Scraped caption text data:
Segment Open
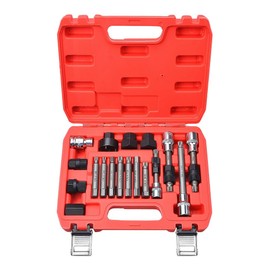 Prokomon 18 Pcs Alternator Pulley Tool Kit, Alternator Pulley Removal Tool, Insert Bit Socket Set Tool Kit – Car Pulley Removal Decoupling Puller
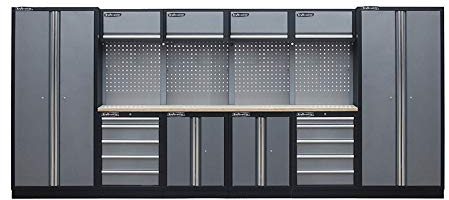 Kraftmeister Werkstatteinrichtung - Männerküche mit 10 Schubladen und 8 Schränken - Werkzeugschrank, Garage - modulares Werkbank mit Holzarbeitsplatte (Multiplex) und Werkzeugwand - Grau
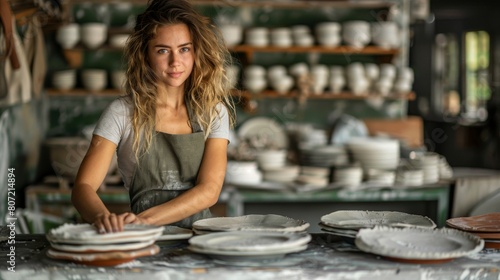 Young Female Potter in Workshop Surrounded by Ceramic Plates. Generative ai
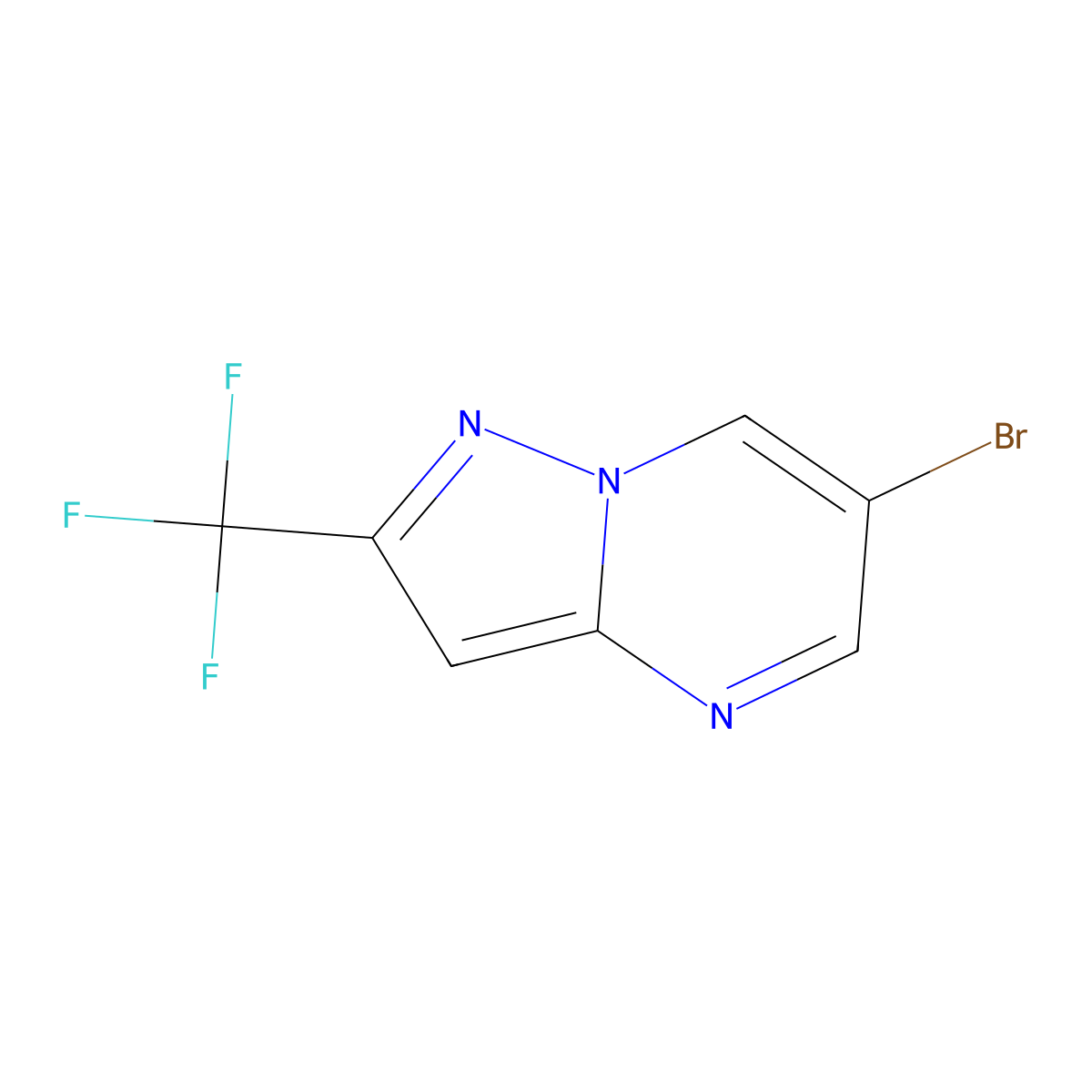 6-Bromo-2-(trifluoromethyl)pyrazolo[1,5-a]pyrimidine molecular structure, CAS 1379358-08-3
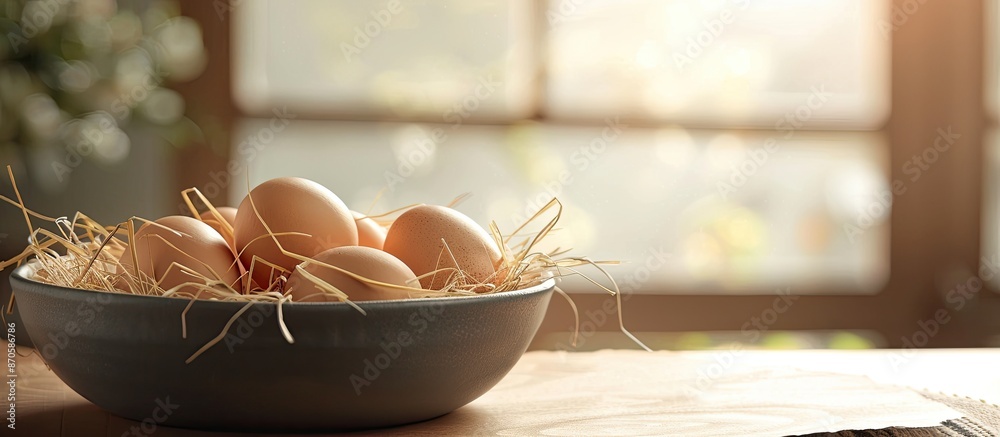 Poster Close-up of a bowl with fresh chicken eggs and dried straw on a table, ideal for adding text with copy space image.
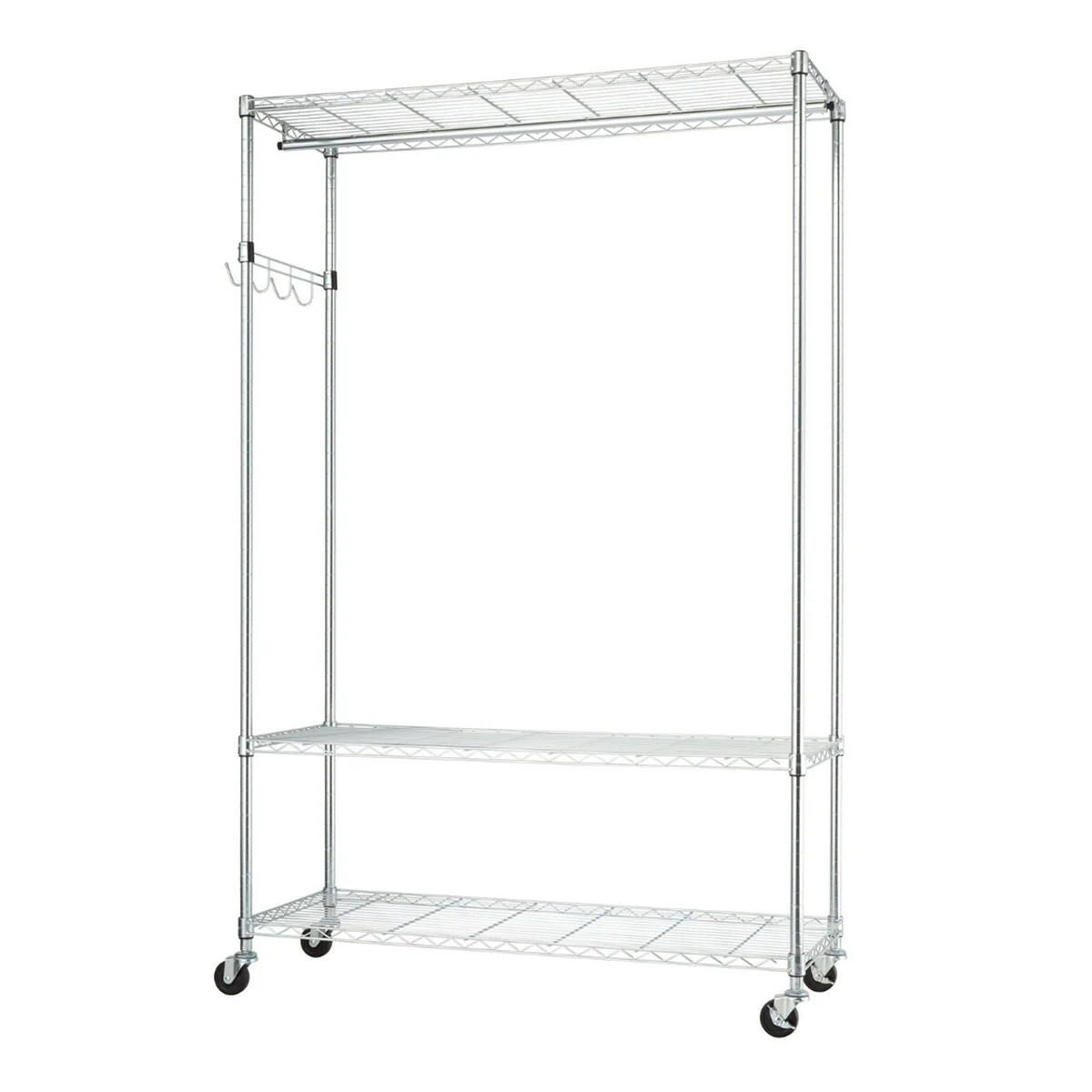 TRINITY EcoStorage® 3-Tier 48x18x75.5 Rolling Garment Rack, Chrome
Segment Closed
> **Task statement**
Pictures stay out; the data above is to be returned exactly.

> **Result**
 Prokomon 18 Pcs Alternator Pulley Tool Kit, Alternator Pulley Removal Tool, Insert Bit Socket Set Tool Kit – Car Pulley Removal Decoupling Puller
 Kraftmeister Werkstatteinrichtung - Männerküche mit 10 Schubladen und 8 Schränken - Werkzeugschrank, Garage - modulares Werkbank mit Holzarbeitsplatte (Multiplex) und Werkzeugwand - Grau
 Young Female Potter in Workshop Surrounded by Ceramic Plates. Generative ai
 6-Bromo-2-(trifluoromethyl)pyrazolo[1,5-a]pyrimidine molecular structure, CAS 1379358-08-3
 Poster Close-up of a bowl with fresh chicken eggs and dried straw on a table, ideal for adding text with copy space image.
 TRINITY EcoStorage® 3-Tier 48x18x75.5 Rolling Garment Rack, Chrome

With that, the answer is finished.